Alright, let’s quickly go through the strange words and terminology they use, grenade is one we hear the most. This obviously means a large woman they have no interest in, that’s hitting on them. Why anyone would hit on them? I have no idea. Then there is a grenade launcher, which means bigger and stronger version of a grenade. After that it’s a landmine, which means a skinny ugly chick. Then Guido means a male species with an unnatural orange complexion, so we could consider all the men in the house a Guido, besides Vinny. I think he’s the only one that doesn’t tan. Then we have Juicehead also known as a Gorilla, which Snooki talks about all the time. She wants to find this type of guy. Meaning a strong very cute and in shape guy, also to be known as “Fresh to Death” (be in the best shape you can be in). There is GTL and DTF I think that speaks for itself. I have no idea where they came up with these but I find it hilarious that they use these terms in public, seeing as everyone obviously knows what they mean. All I have to say is (and these are words from my younger brother every time he sees Jersey Shore propaganda) Grow a brain.
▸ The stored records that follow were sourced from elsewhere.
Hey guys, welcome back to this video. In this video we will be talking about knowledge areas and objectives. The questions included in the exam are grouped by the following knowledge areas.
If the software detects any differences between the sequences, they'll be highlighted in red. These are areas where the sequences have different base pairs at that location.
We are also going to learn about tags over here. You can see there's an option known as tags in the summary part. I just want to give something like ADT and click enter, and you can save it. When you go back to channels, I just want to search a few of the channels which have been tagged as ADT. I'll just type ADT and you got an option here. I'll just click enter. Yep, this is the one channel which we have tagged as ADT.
I ask myself every time this show comes up, how and why in the world is this even a show on television? Better yet, how is this show even getting enough views to stay on the air! People are stupid for supporting something this dumb. This world has gone down to the dump. Now for the good of Jersey Shore, um…um…ah…um… alright, there is no good. I’ll add that I’m sure they are nice people and are just extremely lost. Just remember we can always get you guys a therapist, or just remember there is always Glozell’s triple A meetings.

Miss T.

                I have never seen this show, but I am really annoyed that it is even popular. I think any person who watches it in a serious way, has got issues. Miss T asked who watches this show, and I think it is teenagers. Let me tell you this though, no one lives their life like this. If someone does go out and party every night and gets wasted and sleeps with as many people as possible, they will be homeless is a short amount of time, or diagnosed with some sort of disease or sexually transmitted infection.
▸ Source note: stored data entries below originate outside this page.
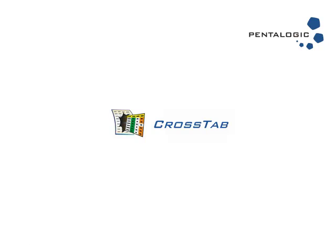Hi, my name is Ryan and this video is going to give you a brief introduction to PentaLogic's Crosstab for SharePoint.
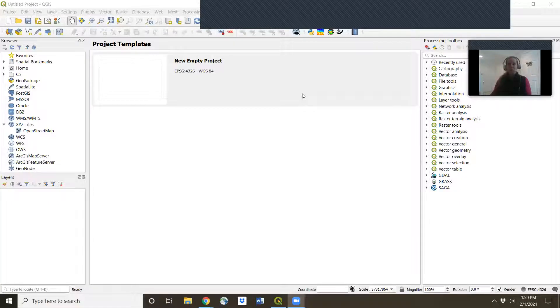Hey class! Today we're going to talk about making a simple map in QGIS. So let me share my screen with you and walk you through this.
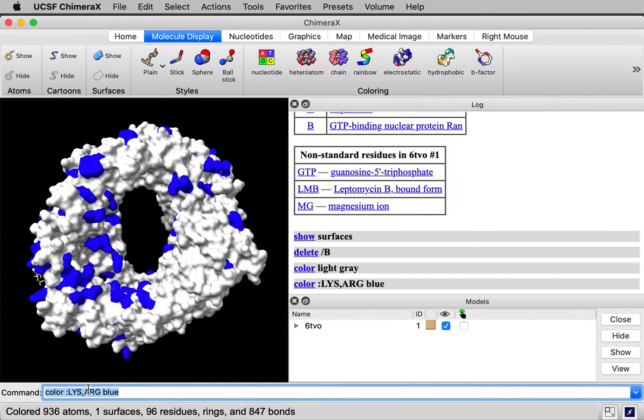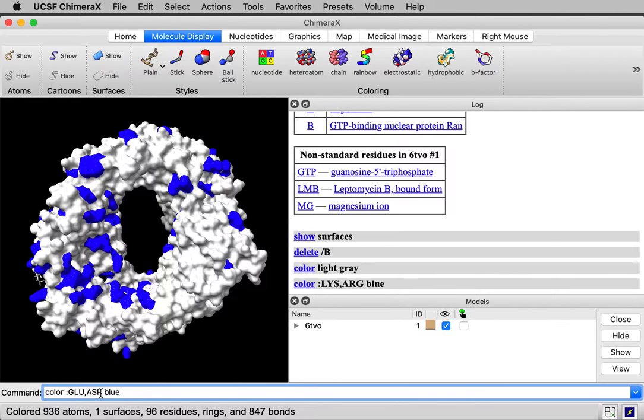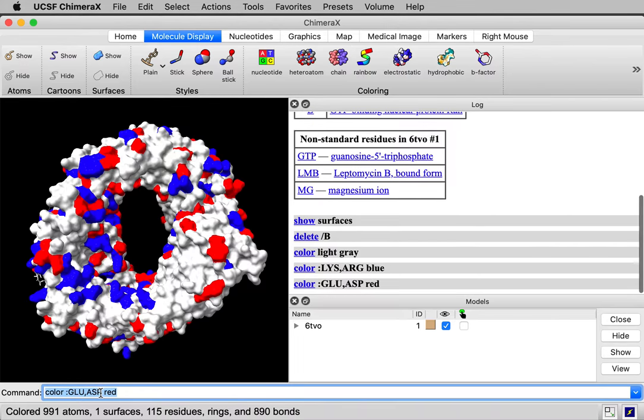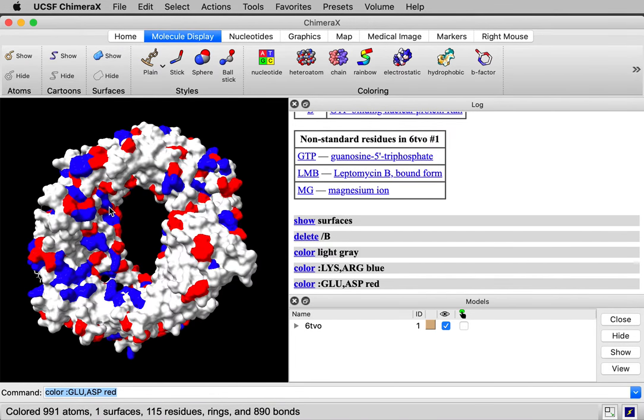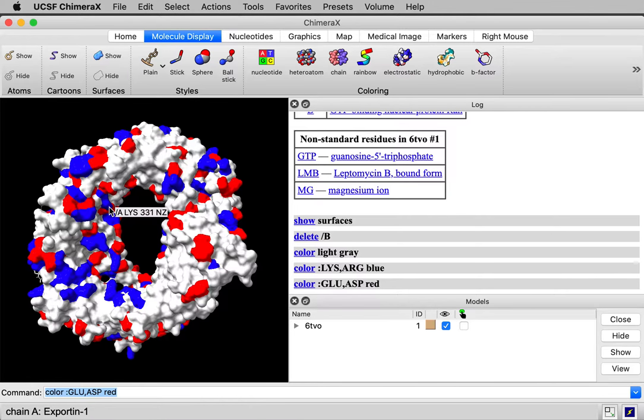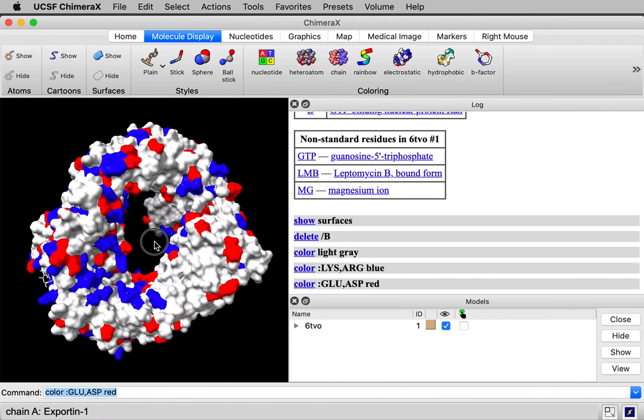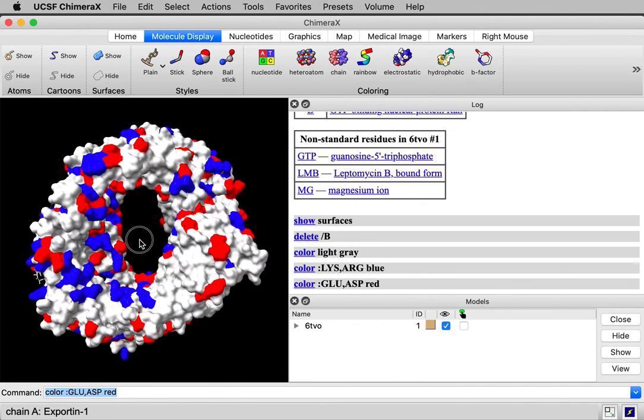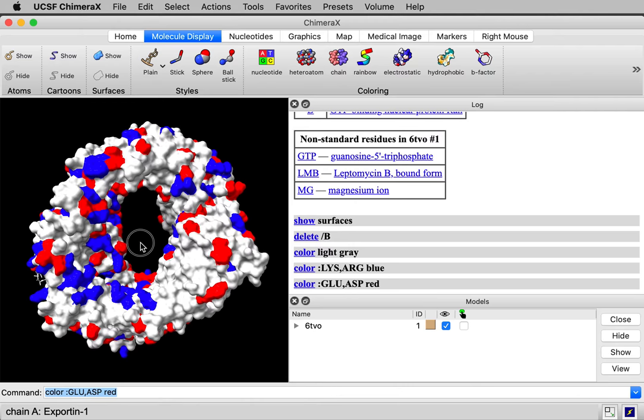And color the negative residues. Those would be at neutral pH glutamic acid and aspartic acid. We'll color those red. So this is coloring by charge. Charge is different from electrostatic potential. The potential is a measure of energy, how much energy it takes to move a charge nearby. But this is directly visualizing the charge and it gives a similar appearance.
The Situation is a guy who gives all of us other guys out there a bad name. He has been on Men’s Health magazines and other exercise material. I find this annoying because I don’t think he has done anything important to get in shape other than starve himself and take steroids. Also, I don’t get along well with conceded people, and when I was looking up pictures to post with this blog, all the pictures of The Situation were of him with his shirt off or showing his abs. That killed any liking I had for him. Then there is Snooki, I only know her because the first time I saw her she reminded me of an annoying girl I knew in high school. Also, I know her because I about died when I saw she had written a book. Who cares about these people and their boring lives? This takes me into another post which you will see at a later time. I hope you all enjoyed us having a little venting session about how lame Jersey Shore is.